------ Materials provided ------

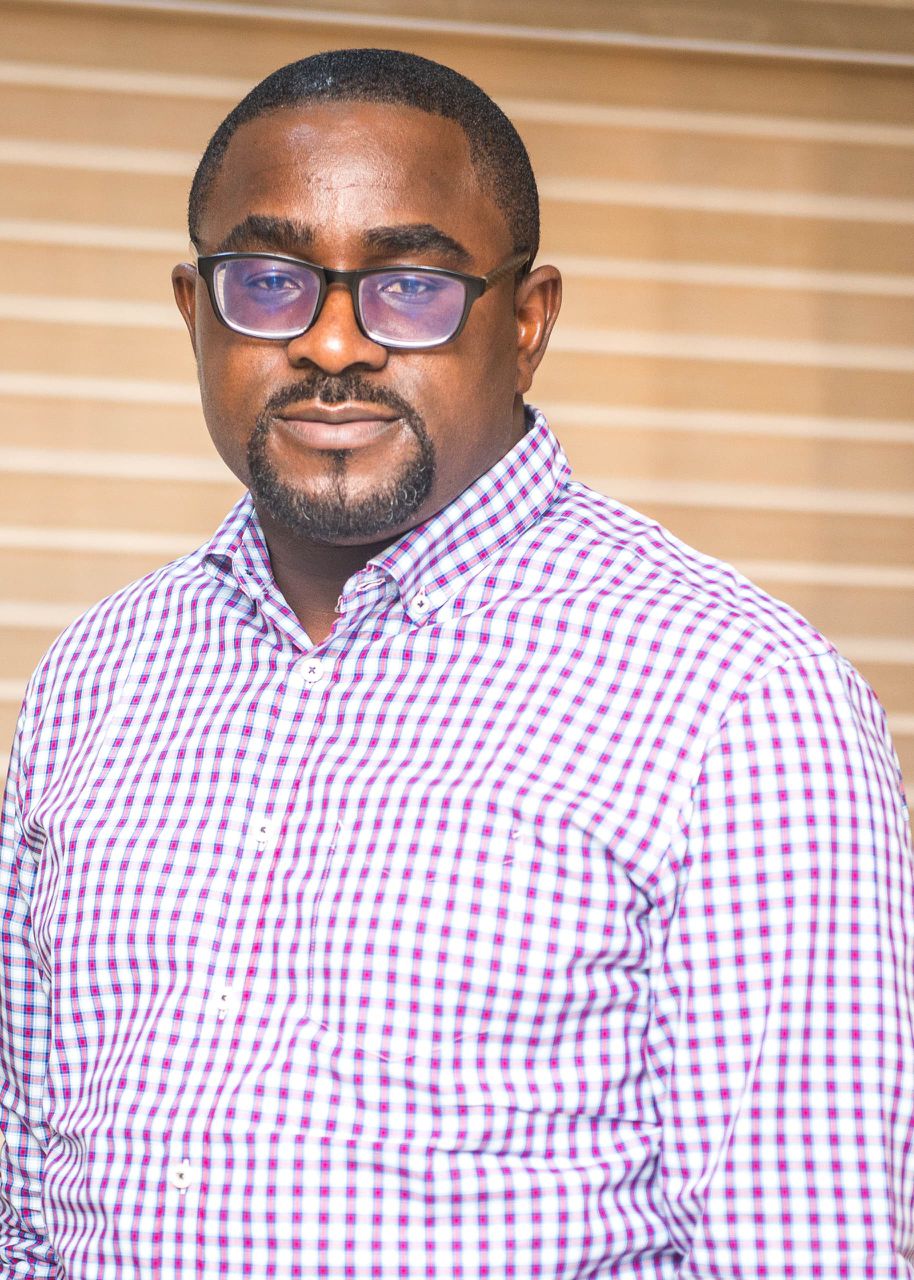 Ayedatiwa SSA, Tomide Akinribido to Receive IT Rockstar Award for Outstanding Contributions to Digital Innovation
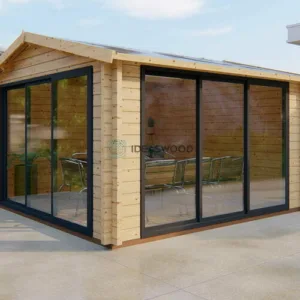 Pergola-Haga-ALU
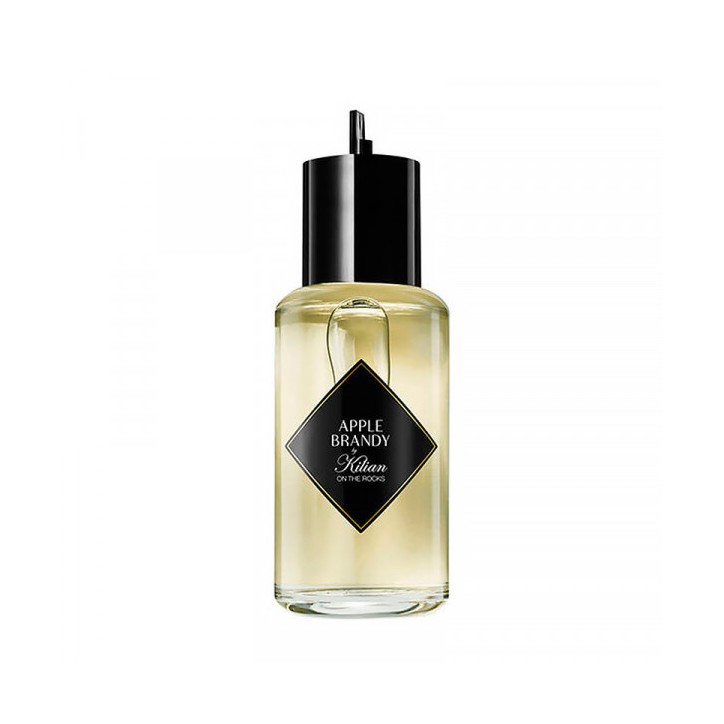 APPLE BRANDY ON THE ROCKS Eau de Parfum REFILL - 100ml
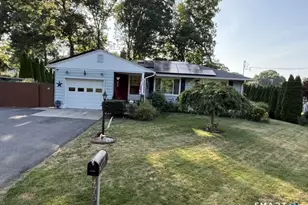 473 Pierpont Rd, Waterbury, CT 06705 - Photo 15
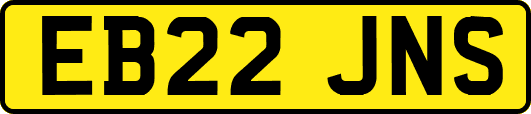 EB22JNS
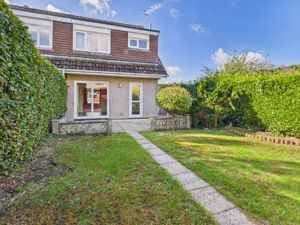 Rear Elevation- click for photo gallery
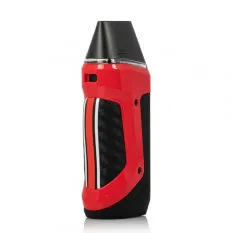 Фото - POD GeekVape N30 (Aegis Nano) Kit 800 мАч Red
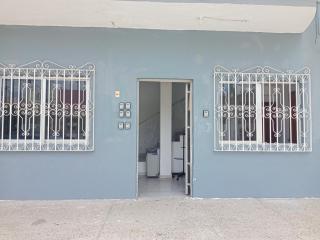 Depa 12 Aceso Directo con 3 recámaras - 7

------

Repeat the lines of the records verbatim, starting at the line containing "Фото - POD GeekVape" and stopping after the final line. Images stay out.

• _Your solution_:
 Фото - POD GeekVape N30 (Aegis Nano) Kit 800 мАч Red
 Depa 12 Aceso Directo con 3 recámaras - 7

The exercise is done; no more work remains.